The PrideauxBrunes insisted that Ross must stay to supper and spend the night. Ross smilingly dissented and then allowed himself to be persuaded when it became clear that George was not here. He knew that Philip and Harriet were old friends. Most of them strolled on the terrace in the balmy evening light before supper was taken. Ross was a little put out by the presence of Mrs Bettesworth, Cuby's mother, a lady he had had some dealings with since Jeremy's death, but someone whom he never personally could bring himself to like. It was probably true that she had suffered a great deal coping with a spendthrift husband and then a spendthrift son; it could not have been a happy life attending race meetings at which their horses always seemed to come in fourth, or being dunned by creditors outside your back door while your son talked to the builders and planned some grandiose addition to a mansion which was already too big for them to keep up.

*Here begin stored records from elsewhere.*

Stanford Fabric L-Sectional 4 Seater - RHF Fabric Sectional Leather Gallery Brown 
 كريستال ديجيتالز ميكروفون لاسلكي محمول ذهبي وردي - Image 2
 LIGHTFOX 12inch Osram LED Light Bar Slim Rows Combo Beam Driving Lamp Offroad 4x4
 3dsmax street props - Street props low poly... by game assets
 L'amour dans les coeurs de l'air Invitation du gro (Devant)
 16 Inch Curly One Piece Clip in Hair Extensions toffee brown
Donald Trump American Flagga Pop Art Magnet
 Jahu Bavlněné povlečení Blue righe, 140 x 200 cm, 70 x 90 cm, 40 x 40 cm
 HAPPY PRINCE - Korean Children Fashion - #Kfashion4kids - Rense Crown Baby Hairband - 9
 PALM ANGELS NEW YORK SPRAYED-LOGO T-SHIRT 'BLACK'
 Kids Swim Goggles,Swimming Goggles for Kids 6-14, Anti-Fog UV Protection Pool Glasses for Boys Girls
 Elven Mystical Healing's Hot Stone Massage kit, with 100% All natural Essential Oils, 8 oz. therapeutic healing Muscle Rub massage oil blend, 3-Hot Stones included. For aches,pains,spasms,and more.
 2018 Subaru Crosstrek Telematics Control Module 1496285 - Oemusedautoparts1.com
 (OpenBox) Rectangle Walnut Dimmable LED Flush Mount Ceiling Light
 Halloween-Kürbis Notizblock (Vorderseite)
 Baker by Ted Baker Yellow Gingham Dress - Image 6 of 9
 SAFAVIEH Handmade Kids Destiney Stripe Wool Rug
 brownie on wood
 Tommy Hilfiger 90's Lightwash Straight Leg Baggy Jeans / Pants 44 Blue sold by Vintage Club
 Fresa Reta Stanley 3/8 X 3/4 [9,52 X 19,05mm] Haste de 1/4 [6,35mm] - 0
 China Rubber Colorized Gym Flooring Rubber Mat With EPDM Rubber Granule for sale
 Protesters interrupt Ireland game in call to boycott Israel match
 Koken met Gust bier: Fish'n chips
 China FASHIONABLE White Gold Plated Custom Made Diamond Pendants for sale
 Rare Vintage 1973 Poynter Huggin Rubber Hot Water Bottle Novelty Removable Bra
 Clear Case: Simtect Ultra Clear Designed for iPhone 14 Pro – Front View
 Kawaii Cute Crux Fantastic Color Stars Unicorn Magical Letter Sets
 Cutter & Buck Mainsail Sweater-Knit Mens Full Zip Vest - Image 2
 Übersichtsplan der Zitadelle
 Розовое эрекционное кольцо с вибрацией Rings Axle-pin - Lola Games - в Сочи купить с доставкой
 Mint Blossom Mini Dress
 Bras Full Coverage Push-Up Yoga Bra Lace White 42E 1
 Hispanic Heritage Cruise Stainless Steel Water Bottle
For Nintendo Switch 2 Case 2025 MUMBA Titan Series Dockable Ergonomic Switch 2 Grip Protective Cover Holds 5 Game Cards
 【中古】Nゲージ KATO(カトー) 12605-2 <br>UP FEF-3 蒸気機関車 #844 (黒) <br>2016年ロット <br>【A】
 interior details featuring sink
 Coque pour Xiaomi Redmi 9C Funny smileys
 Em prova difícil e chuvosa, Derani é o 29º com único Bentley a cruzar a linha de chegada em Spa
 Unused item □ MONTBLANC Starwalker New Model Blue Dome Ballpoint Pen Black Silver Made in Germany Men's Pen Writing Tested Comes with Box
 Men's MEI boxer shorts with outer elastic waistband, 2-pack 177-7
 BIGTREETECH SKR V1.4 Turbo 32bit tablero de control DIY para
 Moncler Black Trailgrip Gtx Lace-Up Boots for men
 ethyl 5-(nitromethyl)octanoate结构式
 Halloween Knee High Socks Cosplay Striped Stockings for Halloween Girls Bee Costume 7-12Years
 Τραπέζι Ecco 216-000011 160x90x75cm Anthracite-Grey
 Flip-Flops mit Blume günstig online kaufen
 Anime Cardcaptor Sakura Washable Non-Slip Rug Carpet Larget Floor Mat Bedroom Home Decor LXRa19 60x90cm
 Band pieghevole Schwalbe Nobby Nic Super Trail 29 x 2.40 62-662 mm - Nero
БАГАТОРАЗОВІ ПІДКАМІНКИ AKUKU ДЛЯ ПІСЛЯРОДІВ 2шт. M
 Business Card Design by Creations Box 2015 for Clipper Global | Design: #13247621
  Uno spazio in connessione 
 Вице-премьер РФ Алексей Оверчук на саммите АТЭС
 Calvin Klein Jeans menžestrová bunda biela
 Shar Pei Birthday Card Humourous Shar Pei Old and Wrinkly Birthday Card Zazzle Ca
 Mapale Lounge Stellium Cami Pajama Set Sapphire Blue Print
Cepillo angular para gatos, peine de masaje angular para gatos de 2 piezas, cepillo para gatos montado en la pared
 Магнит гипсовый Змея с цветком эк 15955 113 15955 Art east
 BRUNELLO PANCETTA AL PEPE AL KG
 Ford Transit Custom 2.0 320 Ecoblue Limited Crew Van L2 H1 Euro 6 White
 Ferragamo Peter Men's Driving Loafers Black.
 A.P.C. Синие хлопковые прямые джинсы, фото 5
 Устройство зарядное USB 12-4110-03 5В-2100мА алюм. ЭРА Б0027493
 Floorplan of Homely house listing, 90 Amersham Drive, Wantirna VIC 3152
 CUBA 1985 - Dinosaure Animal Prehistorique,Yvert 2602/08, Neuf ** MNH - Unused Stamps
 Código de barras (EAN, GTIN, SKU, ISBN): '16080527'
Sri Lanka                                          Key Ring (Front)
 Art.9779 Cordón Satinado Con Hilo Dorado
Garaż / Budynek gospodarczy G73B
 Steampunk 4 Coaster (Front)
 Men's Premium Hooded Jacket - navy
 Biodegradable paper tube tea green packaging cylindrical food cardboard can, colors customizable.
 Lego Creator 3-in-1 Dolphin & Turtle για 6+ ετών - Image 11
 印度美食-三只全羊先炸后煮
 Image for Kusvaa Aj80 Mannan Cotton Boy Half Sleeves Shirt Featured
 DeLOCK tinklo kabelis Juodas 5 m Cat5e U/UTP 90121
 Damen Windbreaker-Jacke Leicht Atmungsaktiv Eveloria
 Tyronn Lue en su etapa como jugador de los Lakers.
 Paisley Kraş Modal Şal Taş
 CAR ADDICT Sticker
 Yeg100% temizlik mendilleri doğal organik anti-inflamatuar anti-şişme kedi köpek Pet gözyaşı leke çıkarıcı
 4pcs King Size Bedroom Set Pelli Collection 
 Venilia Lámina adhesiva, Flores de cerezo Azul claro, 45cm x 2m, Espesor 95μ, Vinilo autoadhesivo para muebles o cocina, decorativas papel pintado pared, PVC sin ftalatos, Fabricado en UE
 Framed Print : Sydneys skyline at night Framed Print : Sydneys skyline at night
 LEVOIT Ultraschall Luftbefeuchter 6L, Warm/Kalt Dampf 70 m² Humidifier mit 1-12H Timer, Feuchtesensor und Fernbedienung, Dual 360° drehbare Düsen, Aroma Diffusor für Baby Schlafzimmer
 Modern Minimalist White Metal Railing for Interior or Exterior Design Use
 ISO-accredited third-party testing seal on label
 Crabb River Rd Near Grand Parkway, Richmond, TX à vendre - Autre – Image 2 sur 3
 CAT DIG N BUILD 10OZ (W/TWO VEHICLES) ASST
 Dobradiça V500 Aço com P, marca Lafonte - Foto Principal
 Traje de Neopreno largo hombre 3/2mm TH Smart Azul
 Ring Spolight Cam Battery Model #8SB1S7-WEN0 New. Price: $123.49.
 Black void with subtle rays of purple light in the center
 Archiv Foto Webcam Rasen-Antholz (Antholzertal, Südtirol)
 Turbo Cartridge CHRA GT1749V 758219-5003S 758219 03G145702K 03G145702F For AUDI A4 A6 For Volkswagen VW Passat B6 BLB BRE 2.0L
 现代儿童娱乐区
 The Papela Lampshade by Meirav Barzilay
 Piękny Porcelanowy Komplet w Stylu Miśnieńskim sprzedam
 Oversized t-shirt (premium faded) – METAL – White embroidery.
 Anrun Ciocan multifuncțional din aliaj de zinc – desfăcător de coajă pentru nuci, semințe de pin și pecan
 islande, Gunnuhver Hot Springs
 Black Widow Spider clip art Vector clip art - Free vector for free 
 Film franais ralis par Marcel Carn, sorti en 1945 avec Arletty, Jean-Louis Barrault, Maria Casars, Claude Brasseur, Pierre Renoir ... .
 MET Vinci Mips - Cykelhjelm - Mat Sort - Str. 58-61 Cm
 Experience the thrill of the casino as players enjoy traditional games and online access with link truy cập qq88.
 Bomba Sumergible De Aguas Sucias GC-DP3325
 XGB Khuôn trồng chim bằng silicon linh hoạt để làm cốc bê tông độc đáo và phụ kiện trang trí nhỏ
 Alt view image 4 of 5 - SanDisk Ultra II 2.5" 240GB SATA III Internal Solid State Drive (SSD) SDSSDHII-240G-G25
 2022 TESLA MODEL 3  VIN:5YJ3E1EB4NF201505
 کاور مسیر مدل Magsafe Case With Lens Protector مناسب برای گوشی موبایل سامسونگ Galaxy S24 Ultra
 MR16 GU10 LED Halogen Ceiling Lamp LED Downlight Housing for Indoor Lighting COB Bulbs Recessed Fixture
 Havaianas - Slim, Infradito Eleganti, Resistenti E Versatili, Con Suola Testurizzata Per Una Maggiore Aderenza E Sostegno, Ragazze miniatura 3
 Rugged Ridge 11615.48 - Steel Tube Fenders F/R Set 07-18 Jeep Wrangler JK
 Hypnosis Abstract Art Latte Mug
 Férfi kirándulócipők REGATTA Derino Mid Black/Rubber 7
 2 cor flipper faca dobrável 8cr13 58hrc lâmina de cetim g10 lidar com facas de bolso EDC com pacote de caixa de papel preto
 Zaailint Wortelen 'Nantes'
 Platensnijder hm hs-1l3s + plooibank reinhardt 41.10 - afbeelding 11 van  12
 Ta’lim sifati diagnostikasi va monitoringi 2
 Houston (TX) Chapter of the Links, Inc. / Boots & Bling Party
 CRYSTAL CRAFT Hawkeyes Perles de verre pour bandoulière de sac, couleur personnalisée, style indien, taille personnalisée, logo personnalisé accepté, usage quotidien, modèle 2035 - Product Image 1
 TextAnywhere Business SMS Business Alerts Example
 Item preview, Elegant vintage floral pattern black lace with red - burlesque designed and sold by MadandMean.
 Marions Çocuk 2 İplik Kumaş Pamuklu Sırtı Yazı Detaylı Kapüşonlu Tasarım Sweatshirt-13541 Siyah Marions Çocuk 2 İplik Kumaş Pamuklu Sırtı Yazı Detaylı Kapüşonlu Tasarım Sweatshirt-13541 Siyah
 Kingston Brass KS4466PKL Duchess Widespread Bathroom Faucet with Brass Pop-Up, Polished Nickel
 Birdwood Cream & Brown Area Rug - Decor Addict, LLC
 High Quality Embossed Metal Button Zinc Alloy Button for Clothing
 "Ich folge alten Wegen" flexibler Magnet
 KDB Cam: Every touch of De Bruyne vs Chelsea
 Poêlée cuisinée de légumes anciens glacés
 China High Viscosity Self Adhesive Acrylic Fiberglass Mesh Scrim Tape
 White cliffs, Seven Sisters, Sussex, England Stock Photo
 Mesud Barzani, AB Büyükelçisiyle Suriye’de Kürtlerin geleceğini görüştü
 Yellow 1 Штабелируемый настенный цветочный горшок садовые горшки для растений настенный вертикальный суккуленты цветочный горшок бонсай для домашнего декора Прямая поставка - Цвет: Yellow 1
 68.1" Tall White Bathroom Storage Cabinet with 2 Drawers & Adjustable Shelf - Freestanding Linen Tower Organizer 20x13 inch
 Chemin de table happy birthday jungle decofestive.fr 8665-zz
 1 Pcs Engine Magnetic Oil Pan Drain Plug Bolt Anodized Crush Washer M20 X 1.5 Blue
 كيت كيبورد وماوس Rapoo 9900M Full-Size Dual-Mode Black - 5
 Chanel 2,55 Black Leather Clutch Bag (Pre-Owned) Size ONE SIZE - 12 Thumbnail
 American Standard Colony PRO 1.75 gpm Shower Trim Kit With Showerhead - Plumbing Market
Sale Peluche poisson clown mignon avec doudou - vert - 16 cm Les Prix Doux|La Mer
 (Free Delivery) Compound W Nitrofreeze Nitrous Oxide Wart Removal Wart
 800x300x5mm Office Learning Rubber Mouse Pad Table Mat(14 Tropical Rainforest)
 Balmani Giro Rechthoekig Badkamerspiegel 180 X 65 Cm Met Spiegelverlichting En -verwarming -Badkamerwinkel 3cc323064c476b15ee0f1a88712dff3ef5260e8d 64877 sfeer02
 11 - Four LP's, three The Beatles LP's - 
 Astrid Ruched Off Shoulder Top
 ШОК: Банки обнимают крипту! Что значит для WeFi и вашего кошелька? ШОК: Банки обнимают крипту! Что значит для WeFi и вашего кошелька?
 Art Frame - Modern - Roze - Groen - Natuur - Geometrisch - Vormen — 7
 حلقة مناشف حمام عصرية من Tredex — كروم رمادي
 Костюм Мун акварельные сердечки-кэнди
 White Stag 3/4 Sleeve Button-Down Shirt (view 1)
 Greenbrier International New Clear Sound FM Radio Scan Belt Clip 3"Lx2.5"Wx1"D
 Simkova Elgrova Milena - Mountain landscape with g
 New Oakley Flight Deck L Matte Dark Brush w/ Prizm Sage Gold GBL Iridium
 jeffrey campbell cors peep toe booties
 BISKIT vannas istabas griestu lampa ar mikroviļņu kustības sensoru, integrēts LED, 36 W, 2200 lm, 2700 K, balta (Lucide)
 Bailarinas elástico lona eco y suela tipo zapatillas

But Ross found it hard to warm towards someone who had so strongly supported, indeed, perhaps was the stronger party in urging her pretty daughter to marry into the Warleggan fortune for the sake of the preservation of the family name and the family seat. Whenever Ross saw her she had a faintly injured expression, as if the world and life had dealt with her too harshly. He did not have an opportunity until Mrs Bettesworth, pleading a headache, had retired early to bed, to get Cuby on her own. (The kind, gentle Clemency had taken Noelle, protesting, in her wake.)

'Cuby,' he said, 'tell me how it is.'

She looked up at him with her velvety eyes, pulled a face of disquiet.

'John has gone and will not be back until he can clear some of his debt. And that is not very likely. He is, I believe, going to Brussels. We all put together what money we had, to give him a chance of escape and of a few weeks of subsistence there. Perhaps you will pardon me for using some of the allowance you so kindly give me--'

Ross pursed his lips. 'What little I give you--'

'It is not little, my dear--'

'What little I give you is for your maintenance and to help Noelle. But the gift has no conditions. When there is an emergency

'I think this was an emergency. The bailiffs have taken possession of the house, and some of the furniture has been seized. My mother has laid claim to it, and I hope to go with her on Wednesday to put a stop to such seizures. The servants have all gone, most of them unpaid, the horses and the carriage, even the gardening implements .. .'

'Philip Prideaux told me you were thinking you might have enough to move into a small house somewhere - was it near Bodmin?'

"We went to see it this morning. It has three bedrooms, good water, two nice living rooms, a tiny kitchen, stables. We can manage.'

*Your mother would go with you?'

'I think she would have to.'

'Well, keep in touch with me, please. It might be worth my seeing this house; to look over it; even perhaps take a builder who could go over it for possible faults.'

'That would be very helpful. But I do not like to take up your time. With Bella being so ill, and Clowance and her new fiance, you will be busy.'

'I see too little of you both.'

'It is my fault; but I have been trying to help my brother keep his head above water.'

Still later he saw Harriet and Philip standing on the terrace deep in conversation. He exchanged a few words with Charles PrideauxBrune and then, as his host was called away, he saw the other two coming in off the terrace. Harriet was in a pale lemon-yellow dress inched at the throat and cuffs. As Philip Prideaux turned away, she looked at Ross ironically.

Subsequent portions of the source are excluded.